Novecento: A Mess in the Midst of a Spectacle

There are, at least, two names in this movie from 1976 that would attract any die-hard moviegoer of nowadays: director Bernardo Bertolucci (“The Conformist” (1970), “The Last Emperor”(1987))and actor Robert de Niro (no need to mention some of his films, I believe).

In words of the former “‘1900’ is a socialist ‘Gone with the Wind.'” After hearing this, one hesitates as to whether he meant that his movie had, like such a classic, an epic aura to it, or that he was just as ambitious as to placing his own movie on the same level as Victor Fleming’s 1939 classic.

I personally believe that it’s just hard for any consummated moviegoer not to idealize about what this movie is going to be, even before seeing it. I’ve read some reviews around here, and some people admit having bought a copy of this movie without having ever seen it before.

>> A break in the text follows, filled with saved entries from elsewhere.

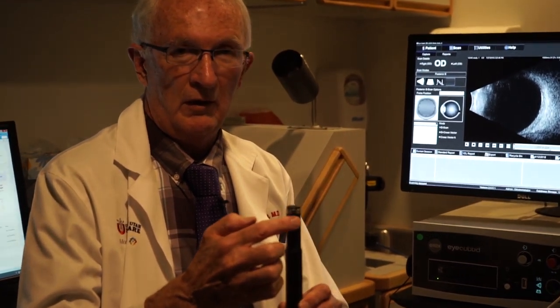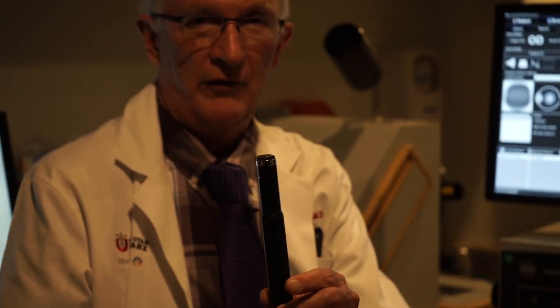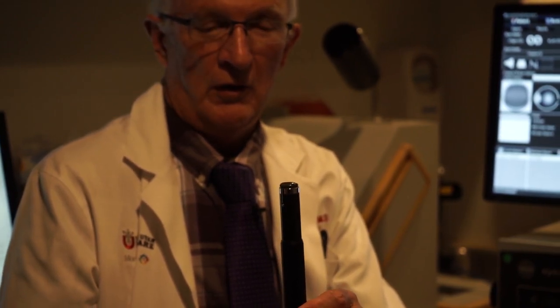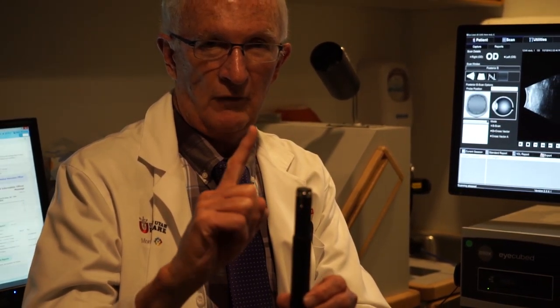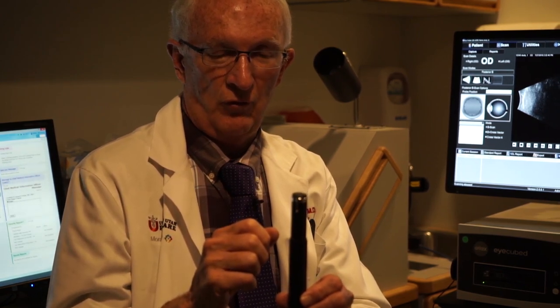The B-scan probes almost all have a little mark on them — in this case it's a little silver streak — and that is there to orient the probe position. When the machine is turned on, there's a transducer inside which oscillates back and forth about 15 to 20 times a second, and that mark indicates the direction of oscillation. This is important for probe position because when looking at different lesions, we need to analyze them in different directions.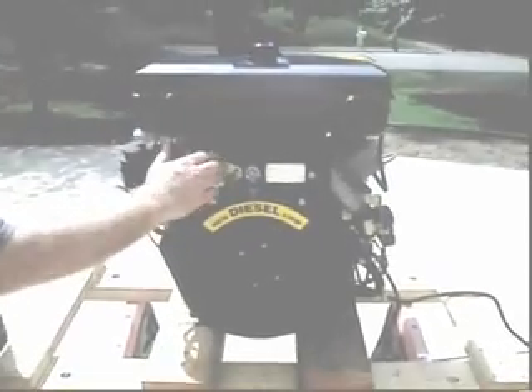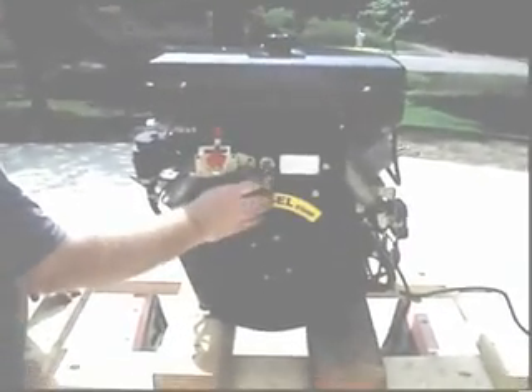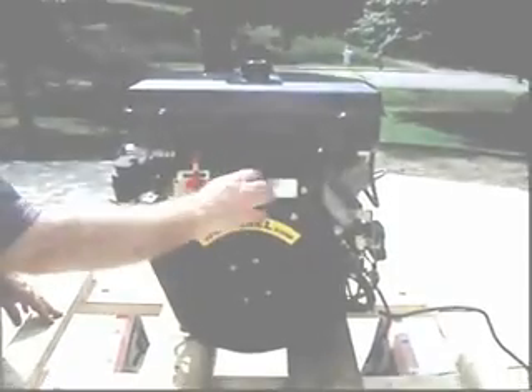Anyway, electric start. Phillip, why don't you crank her up and let's see — give her about half throttle. You'll notice the red button beneath the key; that's for the glow plugs in case it's cold weather.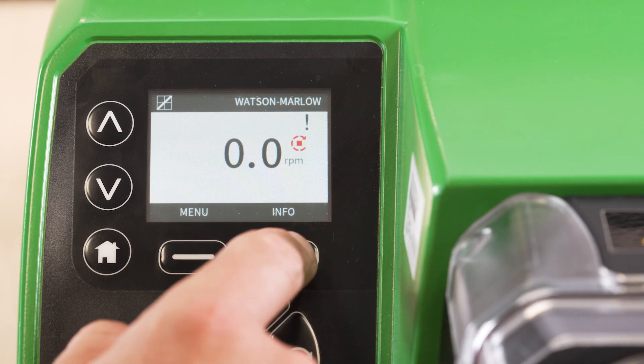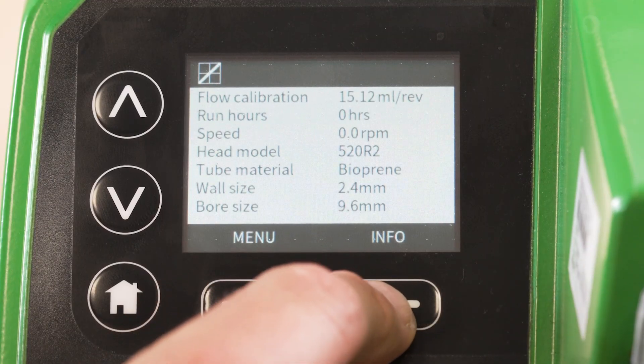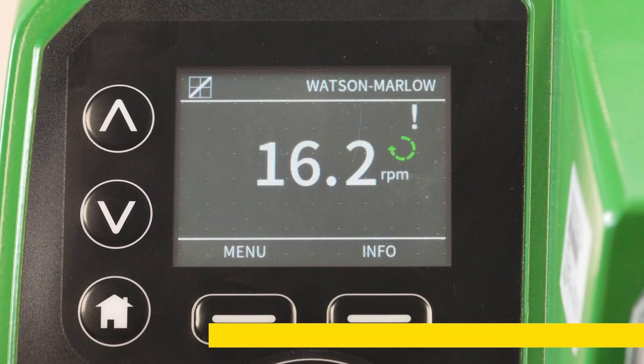If you wish to verify your calibration has been successful, you can monitor the process by selecting info and cycling through to analogue profile. Apply a low signal. And that's it — thanks for watching.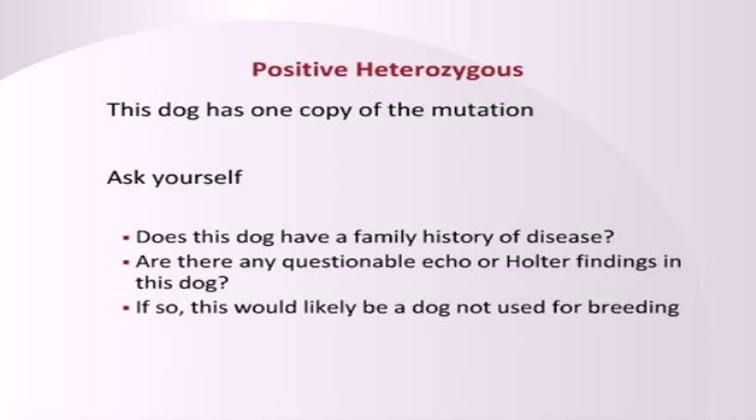If the dog is positive heterozygous, that means it has one good copy and one bad copy. So instead of just saying this dog is positive heterozygous and I can't use this dog, ask yourself some questions about how you're going to use this information. Does this dog have a family history of dilated cardiomyopathy? If yes, that means that this dog may have a higher penetrance of this mutation, and that's another strike against it — another reason maybe you don't want to use this dog.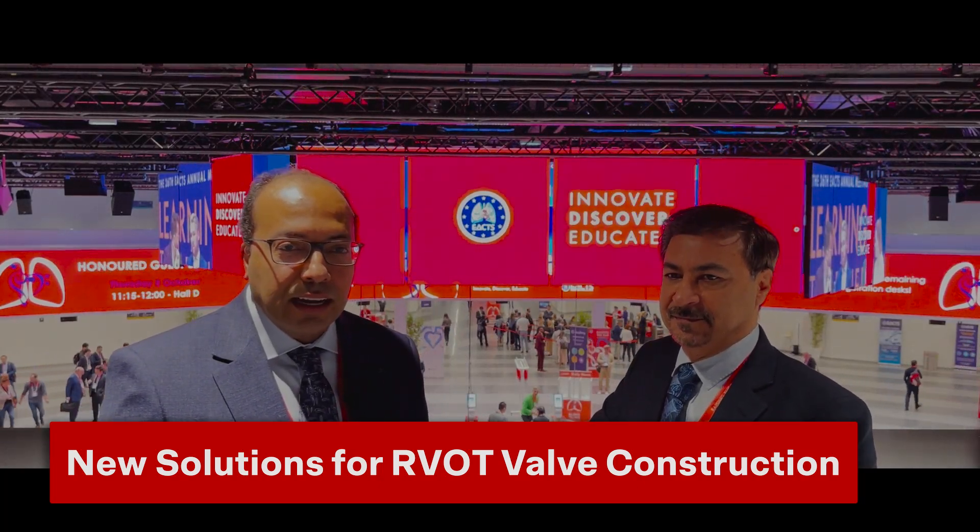Hello everyone, this is Samah Saeed from CTSnet and we're here at the EX annual meeting in Vienna. I'm honored today to talk to Dr. Ahmad Ali Amir Goufran from Shiraz University of Medical Sciences, Iran, and in particular about his presentation on Friday about the right atrial appendage utilization for pulmonary valve reconstruction. Hello, Dr. Amir Goufran.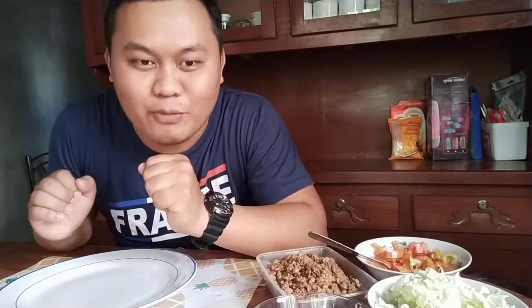I am now so excited because finally I will be putting it all together — everything we have prepared — to make the homemade nachos. So let's do it!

One primary yet crucial flaw in this movie is its interesting lack of commitment to being faithful to the story itself in relation to the characters. This movie is basically about Italy and some basic history that affected the natural course of the politics and the economy in that country during the first half of the 20th century (the crisis between the two World Wars and the rise of fascism and communism, as a consequence of the social and political turmoil that unfolded during those years). The movie features a luxurious cast with Robert de Niro, Gerard Depardieu, Estefania Sandrelli, Sterling Hayden, Burt Lancaster, Donald Sutherland and Dominique Sanda, among others; which very much ends up fusing away the entity of the film as an Italian epic. It is a mystery why Bertolucci opted to count on such a diverse and multicultural cast. While seeing the movie, one feels just awkward while seeing Robert de Niro speaking English and busting out his American accent, and other non-American actors speaking English with diverse European accents. One wonders why the director was not interested in emphasizing the epic and historic glow of the production he had between his hands, by making the actors speak some Italian, like De Niro himself did in Coppola’s “The Godfather II” (1974). Having shot the movie in Italian -or at least not having dubbed it into English-and having had more Italian stars would have helped this production have a more centered heart in relation to the place and the story. We can sense that this was an European movie somehow polluted by Made-in-. We are impelled to be constantly reminded that we are in Italy and that all the actors (even Sutherland) are playing Italians characters.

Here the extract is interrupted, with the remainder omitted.